Calamity and Kabbage: Accountants riff on PPP madness

Experts shared their experiences with the Paycheck Protection Program

TRD NATIONAL /
Jul.July 31, 2020 08:00 AM


Wrapping their arms around the Paycheck Protection Program has been a mind-boggling experience for Mark Bosswick and Elliot Levine, two veterans of New York City’s accounting industry.

With hundreds of billions of dollars up for grabs from Congress, rapid-fire rule changes from Washington and bewildering responses from the banking system, the accountants and their colleagues have been trying to make sense of it all for clients.

Appearing Wednesday on The Real Deal’s webinar series TRD Talks Live, the number crunchers from Berdon LLP and Levine & Seltzer zeroed in on some key facts:

  • It’s not too late to get a forgivable PPP loan for businesses yet to receive one. The deadline to apply has been extended to Aug. 8.
  • Skip the big banks. Small, even obscure lenders are often nimbler. Ever heard of Kabbage.com? Neither had Levine — until it scored money for one of his clients in mere days.
  • Businesses that could not reopen before exhausting their PPP are SOL. For folks who have been living under a rock (quite a few of us, actually), that stands for Shit Outta Luck.
  • Gaming of the program looks inevitable, a fact Bosswick and Levine attributed to Congress’ failure to consult accountants when designing it.

Accountants tend to be exacting people, which may be why Bosswick and Levine — a managing partner and managing member at their respective firms — were flabbergasted at how the federal program was slapped together. Officials just seemed to make it up as they went along.

But one thing became clear to them: The program was not intended as a stimulus or economic development.

“Ultimately, PPP was a form of unemployment compensation that put the burden on the employer,” said Bosswick.

“It was a way to keep unemployment numbers low,” Levine added. “It didn’t help businesses.”

Rule changes flummoxed business owners, who were first asked to spend 10 weeks of payroll in eight weeks, then later given 24 weeks, the accountants said. Different rules were applied to applications filed on different dates. The initial money came from banks, but many only helped customers who had borrowed from them before.

That’s how Levine ended up at Kabbage.com, which he said had been “phenomenal” for his clients, unlike giant institutions such as Bank of America and JPMorgan Chase. Terms that make PPP loans friendly to businesses — notably an interest rate of 1 percent, payable over several years — make them less attractive to giant lenders.

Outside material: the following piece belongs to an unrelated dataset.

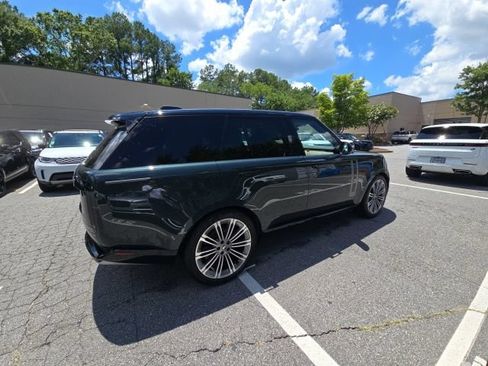 Used 2025 Land Rover Range Rover SE AWD/4WD image 7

Many don’t want such piddling accounts lingering on their books. But other banks are drawn to the fee Congress provided.

“For small banks, a 5 percent fee for making the loan plus 1 percent interest isn’t bad,” Levine said. “And maybe they’ll get a client out of it.”

They noted that the program was hastily created, and probably necessarily so. But the money would have been more useful for scaling up after a prolonged closure, rather than as a passthrough to idle employees of shuttered shops.

“If there’s another round of PPP, give more capital to businesses, and let them spend the money once business has returned,” said Levine.

“Employing people just to give them money doesn’t make sense for businesses,” Bosswick added.

Because the program made loan forgiveness conditional on spending no more than 25 percent of the funds on rent — an amount eventually increased to 40 percent — real estate owners saw little support despite losing substantial rental income, according to Bosswick.

For businesses that have taken loans unsure if they will be forgiven, Levine said it’s best to think of them “as 1 percent loans which you may have to pay a portion of back.”

“One thing not many people understand about PPP is that banks are lending their own money,” Levine said, noting that banks prefer the loans to be forgiven so they can book federally guaranteed revenue. For loans neither forgiven nor repaid, the federal government will make the lender whole.

Although banks must examine how businesses used loans before declaring them forgivable, questions about accountability naturally arise for such a novel and hasty solution.

“To me,” Levine said, “the government took away a moral compass” by announcing a 1 percent penalty for companies found to have broken rules.

“That’s a very weak penalty,” he said.

To stay on the fair side of regulators, Bosswick recommended putting PPP proceeds into a separate account and using it exclusively for payroll and rent.

For businesses that miss out on PPP, Levine noted that the government renewed its Main Street Lending Program, which he said could provide a loan of six times EBITDA at 3.7 percent interest payable over five years, and interest-only for the first two years.

“The whole thing is just a numbers game,” Levine said. “I wish they had gotten accountants involved in the PPP from the start.”